El día estaba nublado y ventoso, así que no me moví del saco. Había dormido sobre el labio superior de un acantilado. A cada rato me adormecía y me encontraba de lleno dentro de un atractivo sueño, salía y entraba en ellos con la suavidad con que se debiera entrar por la puerta de algún misterio; de golpe había desaparecido el mar y su golpeteo contra las rocas y me encontraba de nuevo en un espacio mágico, como en aquella película, El imaginario del doctor Parnassus.
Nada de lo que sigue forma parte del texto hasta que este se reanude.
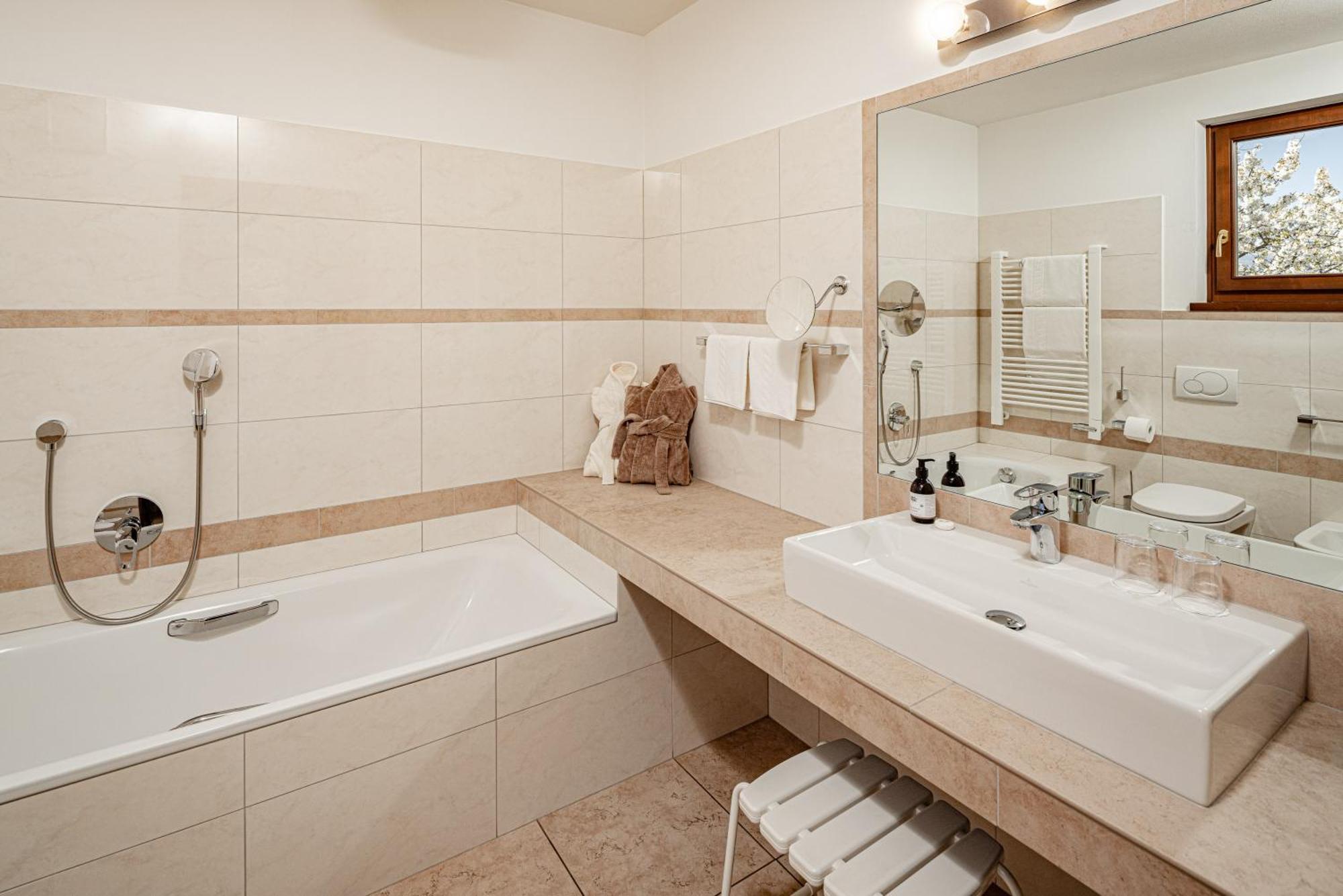 Hotel Haus am Hang Kaltern Zimmer foto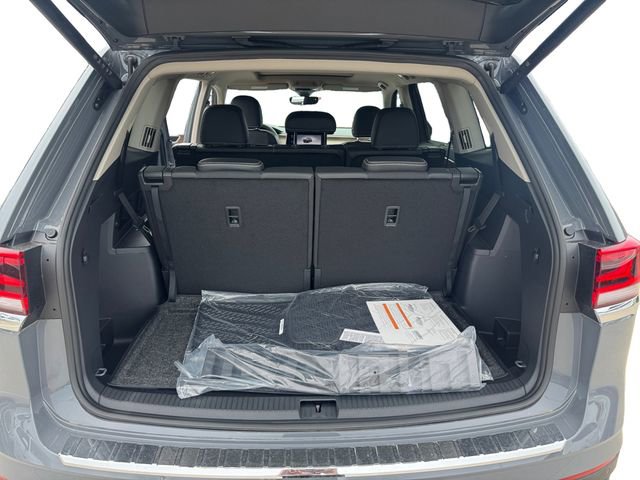 New 2026 Volkswagen Atlas SE FWD image 14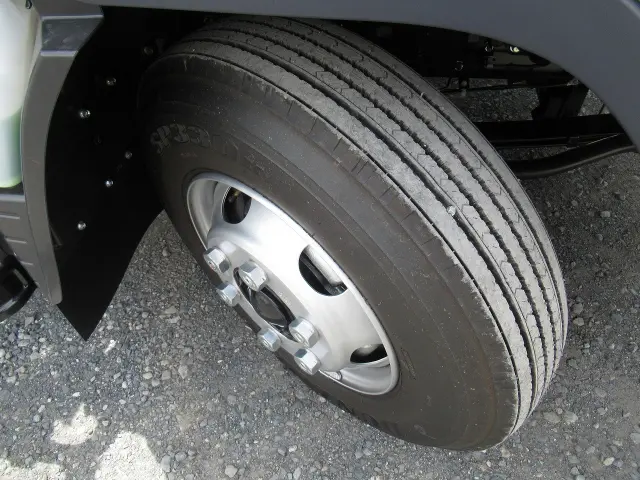 三菱 キャンター 2RG-FEB80(2WD)の写真36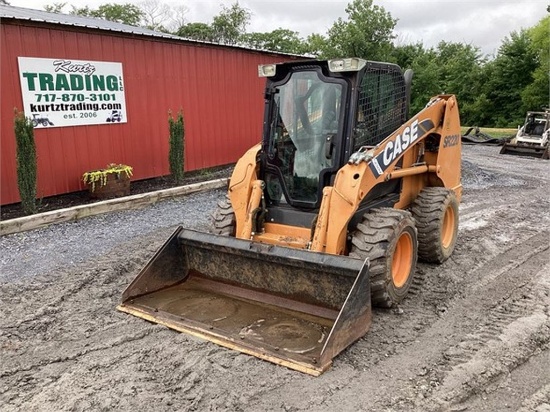 2012 CASE SR220 SKID STEER LOADER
El sol se elevaba lejos del horizonte cuando me puse de camino. Mi gps me llevaba hacia el interior, pero mis ganas tiraban para el lado opuesto, una pequeña senda que bordeaba los acantilados, camino de la bahía de Talamanca; acantilados abruptos y con la ladera superior cubierta de pinos enanos. No merece la pena narrar mi encuentro con la propiedad privada. Estaba demasiado ensimismado en el hilo de mi novela como para reparar que tras una alta puerta de madera podría encontrarse un quisquilloso propietario. De todas maneras no había otro camino practicable entre el mar y la propiedad. Me lo tomé a broma cuando el criado del propietario se puso algo antipático; al final tuvo que acompañarme hasta cincuenta metros de la puerta automática. Desde allí levantó el brazo y apretó el botón del mando a distancia. Le día las gracias con la cortesía de quien en un hotel le han prestado el servicio de abrirle la puerta del ascensor.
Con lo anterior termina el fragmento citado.